> **WHAT YOU HAVE TO DO**: Your answer must be the lines from the one holding "2girls brown_hair long_hair" through the final line of the entries below, copied exactly, with no pictures.

### RECORDS SHOWN ###

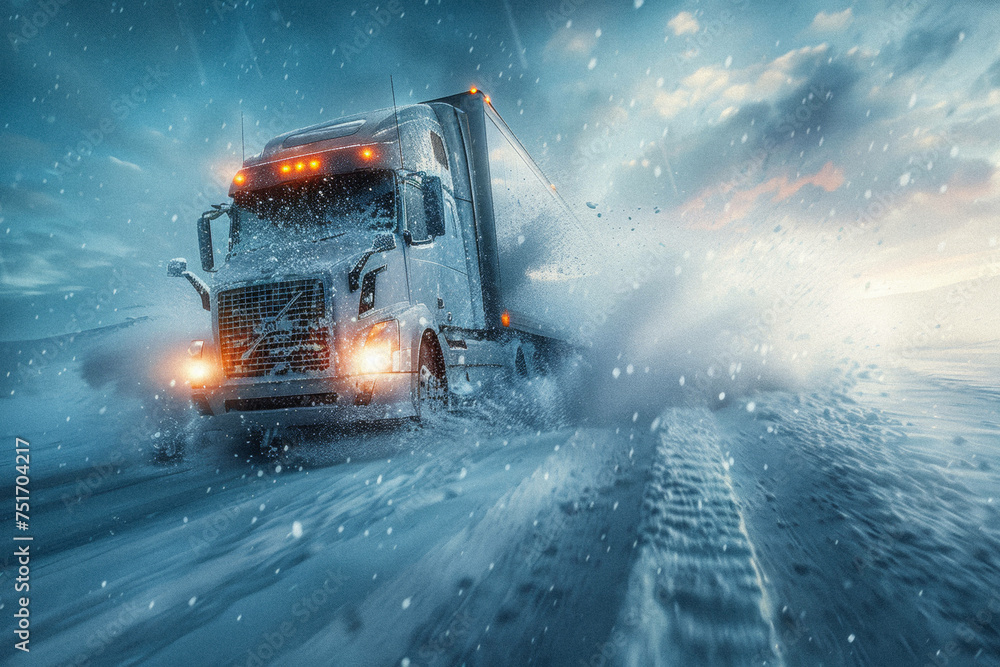 An empowering shot of a female truck driver navigating her semi-truck through a snowstorm, demonstrating resilience and the challenges faced by drivers in extreme weather. An empowering shot of a female truck driver navigating her semi-truck through a snowstorm, demonstrating resilience and the challenges faced by drivers in extreme weather.
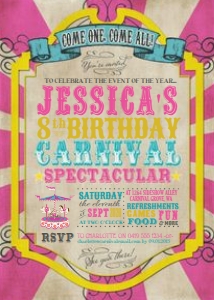 Vintage Carnival Invitation PINK TheSassabyPartyCo 5x7: Vintage Carnival Invitation PINK TheSassabyPartyCo 5x7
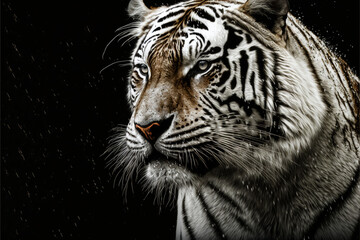 White tiger wallpaper or background. Generative AI.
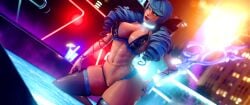 3d bikini blue_eyes blue_hair curvy_female curvy_hips gwen_(league_of_legends) league_of_legends nillin_(artist) riot_games thick_thighs tight_pussy wet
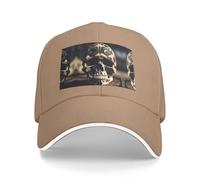 Skull Rock Roll Skeleton Bone Print Baseball Cap Golf Dad Hat Adjustable Original Classic Cap Casquette,Outdoor Sports Casual Wear Natural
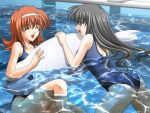  2girls brown_hair long_hair pool seal swimsuit 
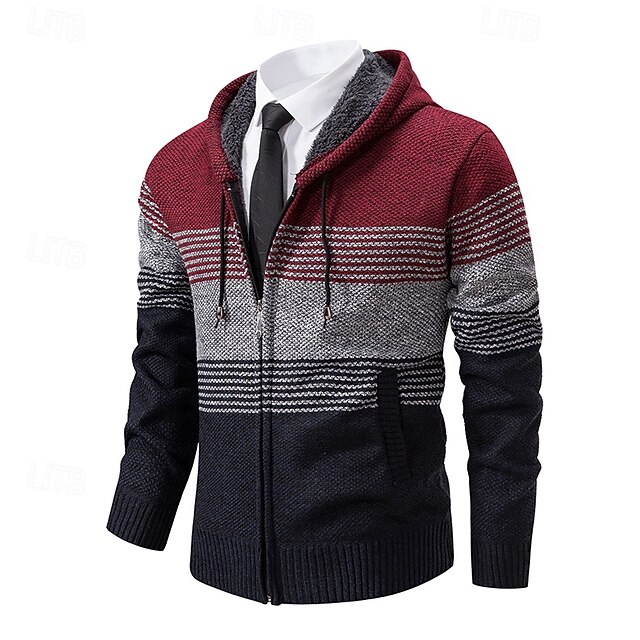 Men's Cardigan Zip Sweater Chunky Knit Regular Zipper Pocket Solid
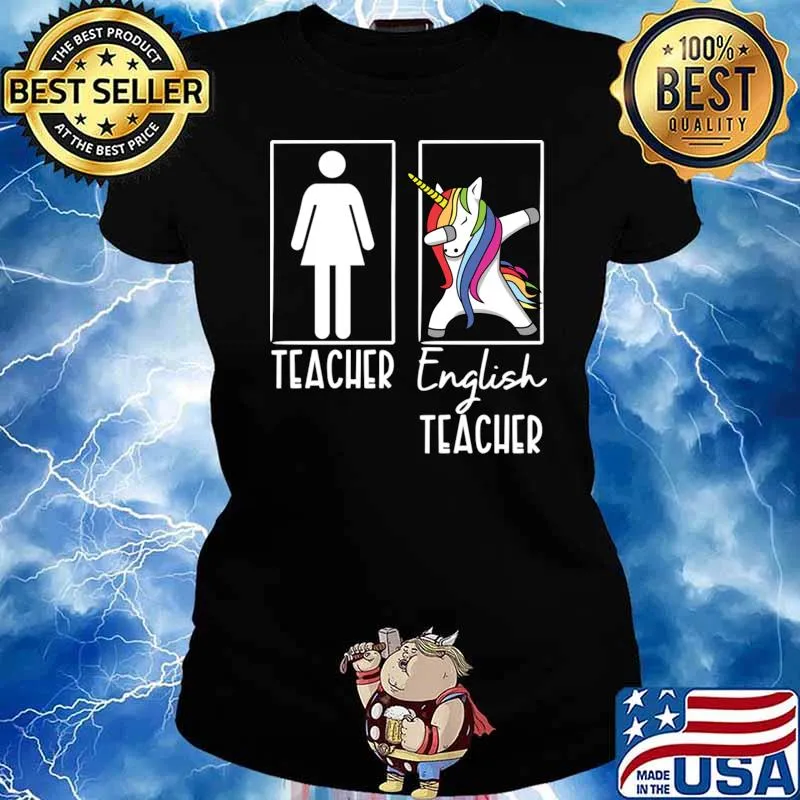Teacher woman english teacher unicorn dabbing T-Shirt Ladies tee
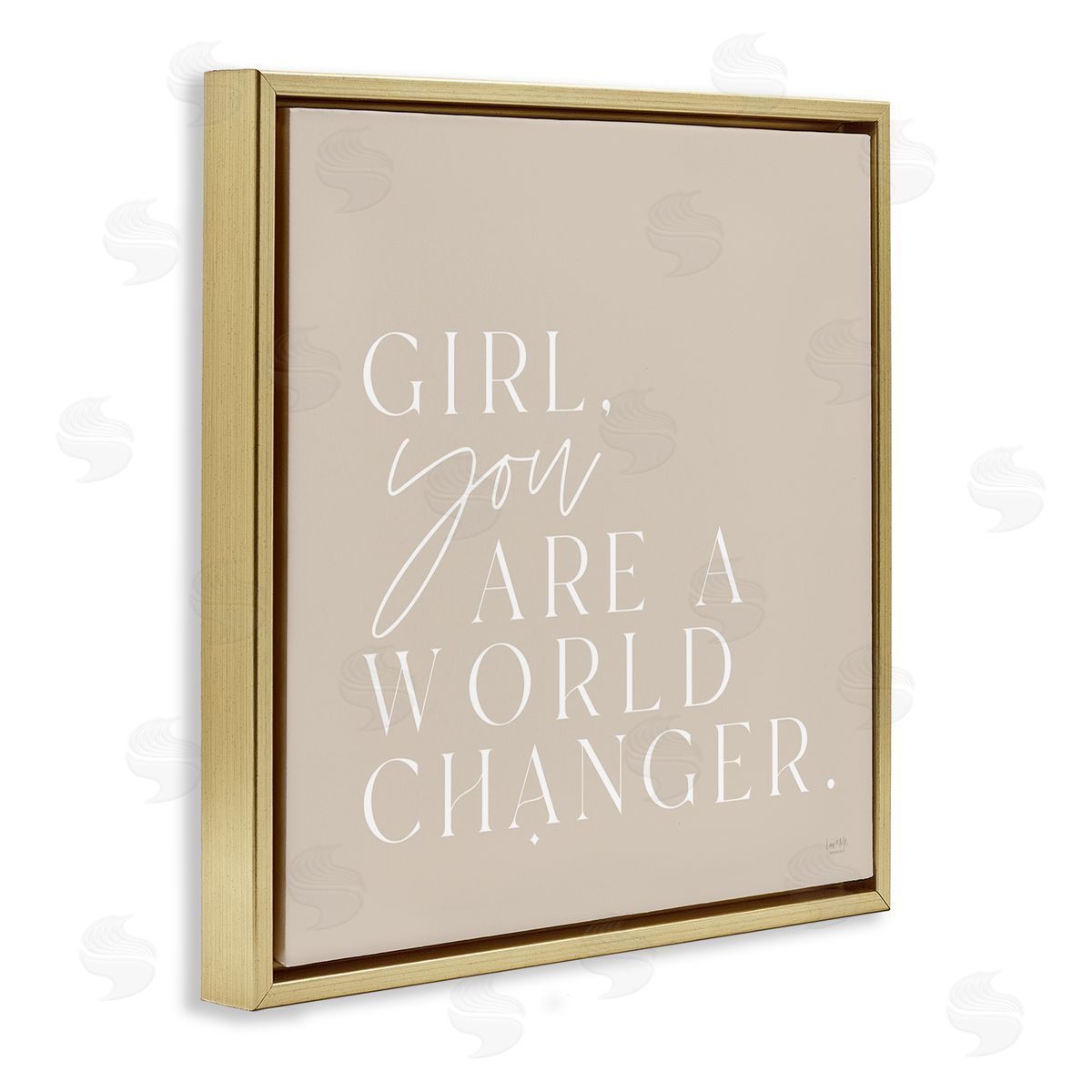 Lux + Me Designs Girl You Are A World Changer Neutral Simplistic Background  Gold Floating Frame Canvas Wall Art Print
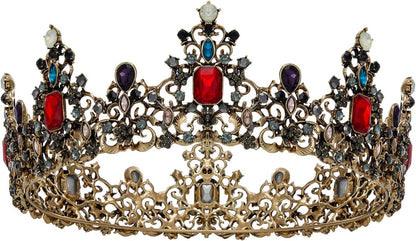 SWEETV Queen Crown for Women - Baroque Wedding Tiaras and Crowns,Jeweled Tiara Crown,Prom Birthday Halloween Hair Accessories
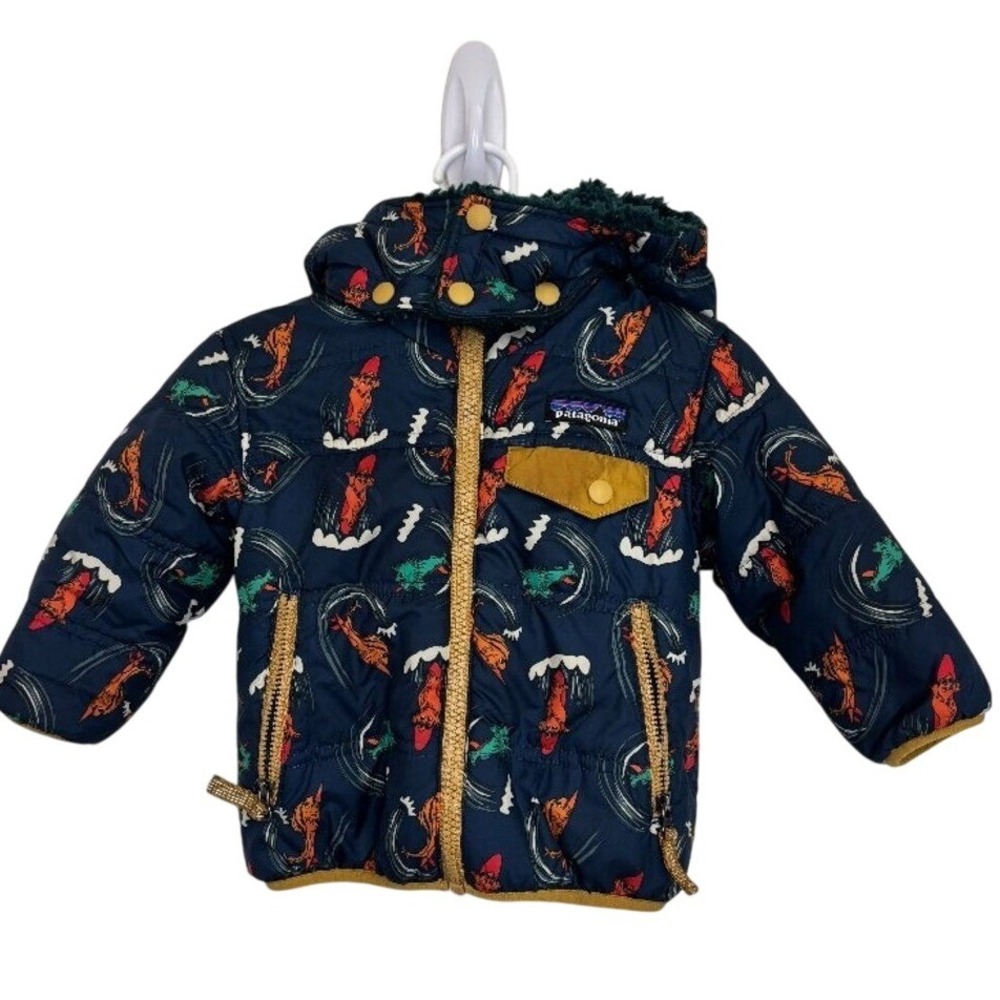 Patagonia Baby Reversible Tribbles Hoody Jacket Navy Fish Los Lobos 3-6m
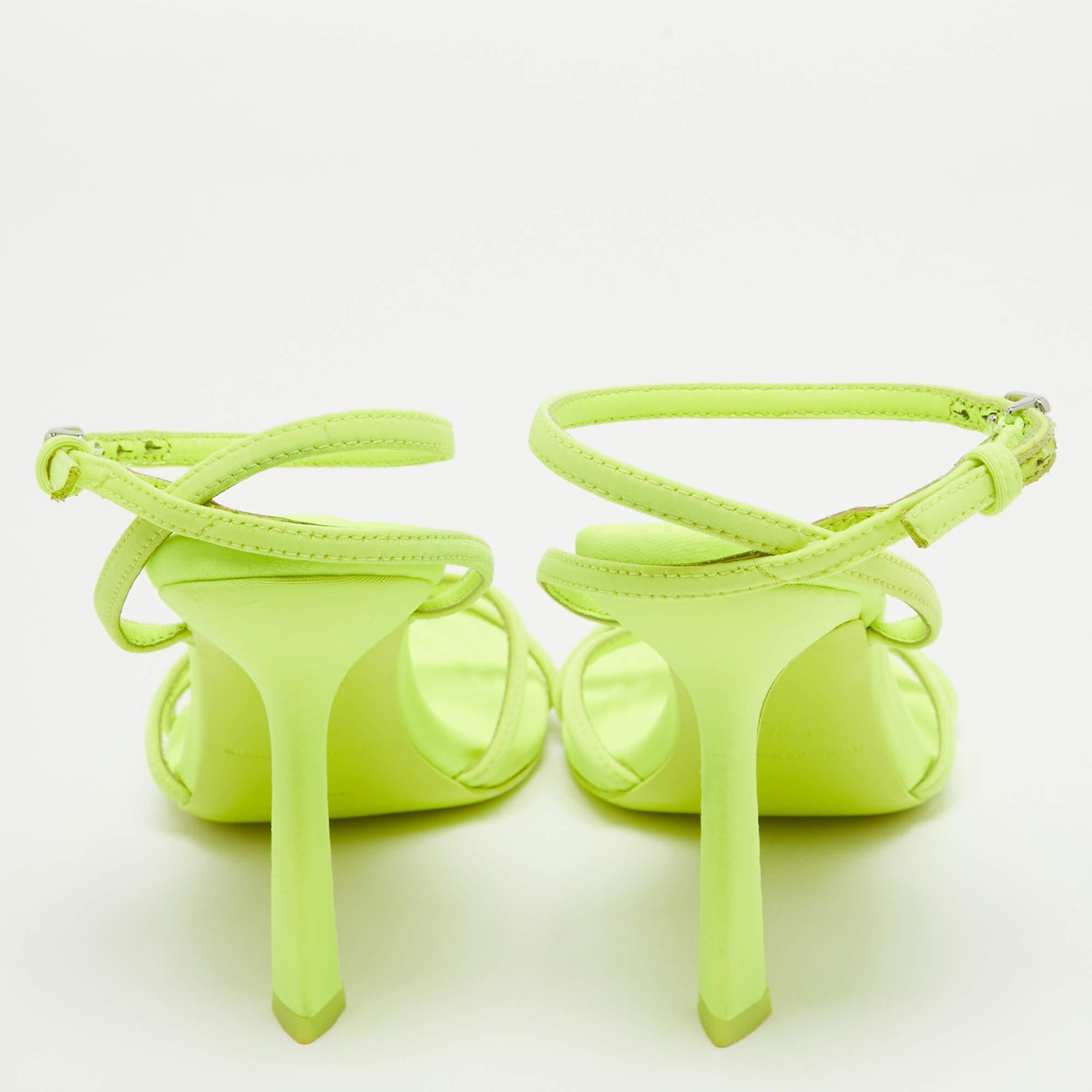 Alexander Wang Neon Green Fabric Dahlia Ankle Strap Sandals Size 40 1
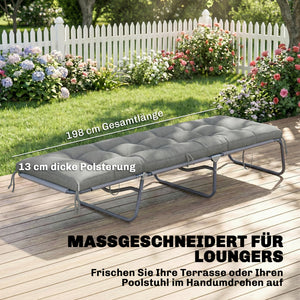 Palettenkissen Sitzkissen abnehmbar 198x65x13cm hellgrau
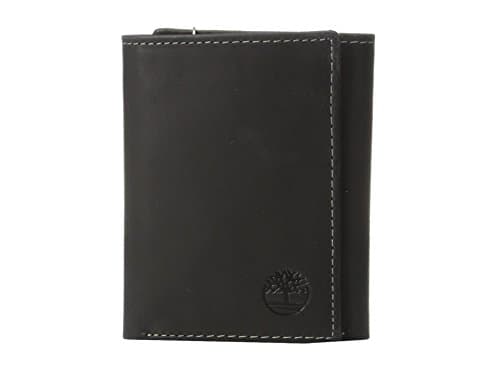 Timberland Men's Cavalieri Trifold | Leather trifold wallet, 4.25 x 3.5 in. closed with 6 card slots, 2 slip pockets, an ID window and a divided bill section.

###

> **TASK RESULT**:
  2girls brown_hair long_hair pool seal swimsuit 
 Men's Cardigan Zip Sweater Chunky Knit Regular Zipper Pocket Solid
Teacher woman english teacher unicorn dabbing T-Shirt Ladies tee
 Lux + Me Designs Girl You Are A World Changer Neutral Simplistic Background  Gold Floating Frame Canvas Wall Art Print
 SWEETV Queen Crown for Women - Baroque Wedding Tiaras and Crowns,Jeweled Tiara Crown,Prom Birthday Halloween Hair Accessories
 Patagonia Baby Reversible Tribbles Hoody Jacket Navy Fish Los Lobos 3-6m
 Alexander Wang Neon Green Fabric Dahlia Ankle Strap Sandals Size 40 1
 Palettenkissen Sitzkissen abnehmbar 198x65x13cm hellgrau
 Timberland Men's Cavalieri Trifold | Leather trifold wallet, 4.25 x 3.5 in. closed with 6 card slots, 2 slip pockets, an ID window and a divided bill section.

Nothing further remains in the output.